Iraq is one step closer to regaining its sovereignty and seeing the complete withdrawal of Coalition troops. This week, the Iraqi cabinet overwhelmingly approved a Status of Armed Forces Agreement (SOFA) with the US, ending nervous speculation that Iraqi lawmakers would let the 31 December deadline pass in favour of a renegotiating with a new US president. As usual in Iraqi politics, a resolution was reached in the nick of time and after tortured to and fro over the conditions. 

The approved draft calls for a 3-year timetable for withdrawal — meaning all troops must be out by 2011. This is a serious US concession. The Bush Administration repeatedly rejected strict timetables and insisted on complete command of its operations, control over Iraq’s borders, extrajudicial jurisdiction over its troops and detention of Iraqi citizens. In the final agreement, the US gets none of those things, leading many analysts to speculate that the 'client state' relationship between Iraq and the US is over.

The SOFA must pass through one final hurdle before its final passage. It must be approved by a  majority in the Iraqi parliament. Though Iraqi lawmakers who support the agreement are confident they have the numbers, there is reluctance to present it to parliament without a national consensus on the agreement. 

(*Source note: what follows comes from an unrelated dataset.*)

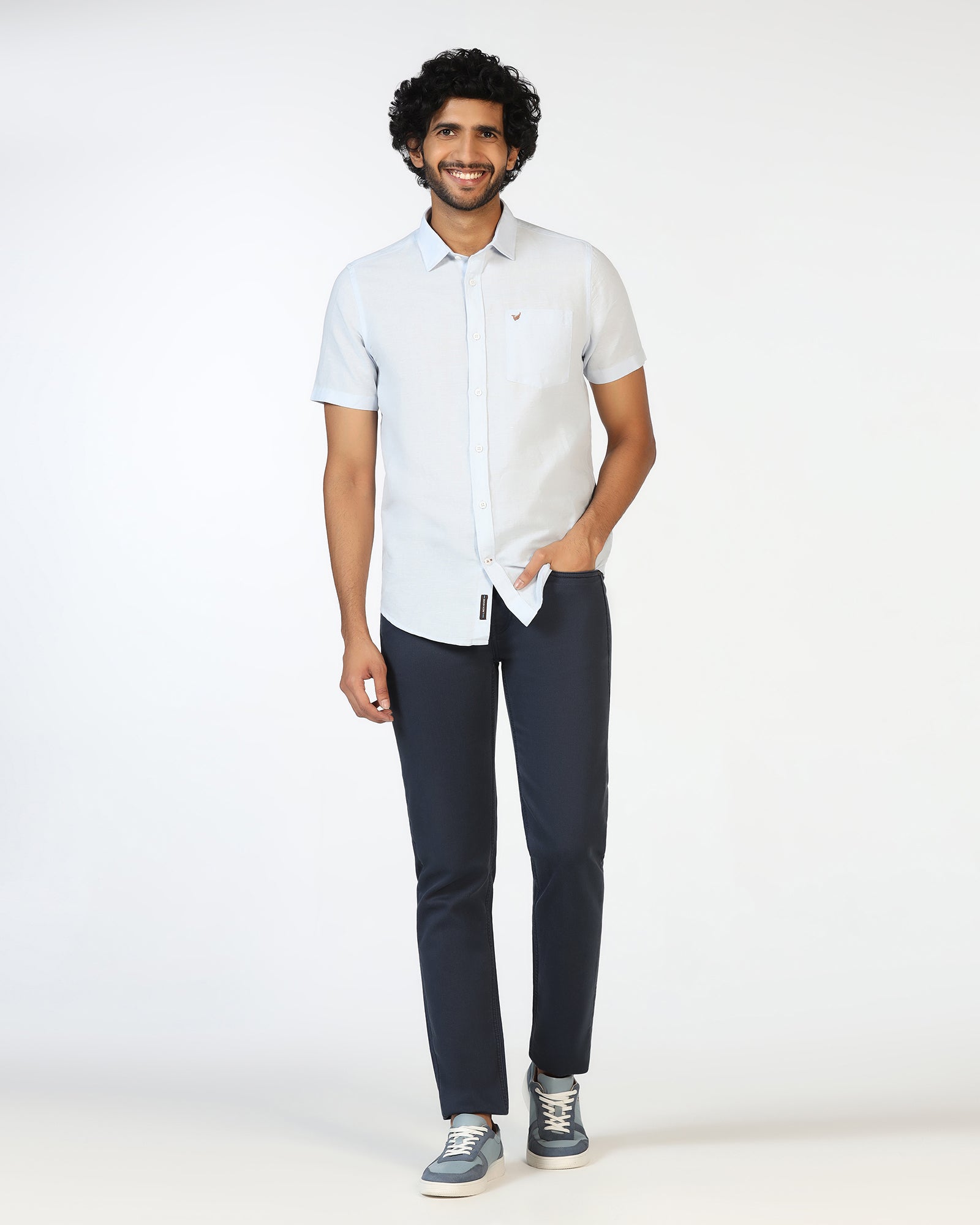 Grey Super Clean Slim Comfort Jeans - Ogden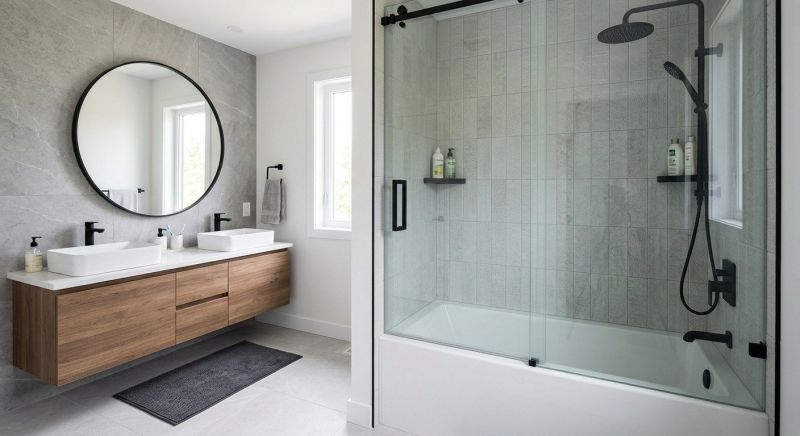 Tub To Shower Conversion in Pierce County, WA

Sadrist lawmakers object to the pact in principle; they want US troops out of Iraq sooner rather than three years from now. And ironically, Sunni parties, the Coalition's erstwhile foes, are reluctant to see Coalition troops draw down for fear that Iraq succumbs to Iranian influence. Ayatollah Sistani, Iraq's pre-eminent Shia cleric, has offered his tacit approval for the document, but he too states that all elements of Iraqi society must approve of the security agreement for it to succeed. 

Iraq has learned hard lessons from the past. Many seminal political agreements in Iraq's short post-Saddam history — the Iraqi constitution, elections timetables, provincial powers agreements — have passed by majority vote but have come back to haunt Iraq in the form of stubborn opposition and insurgency because key segments of Iraqi society did not approve of them. Ayatollah Sistani and other Iraqi lawmakers do not want the SOFA to suffer the same fate, as it is the best possible agreement that guarantees Iraq a significant say over US military operations in the coming three years and a final goodbye at the end.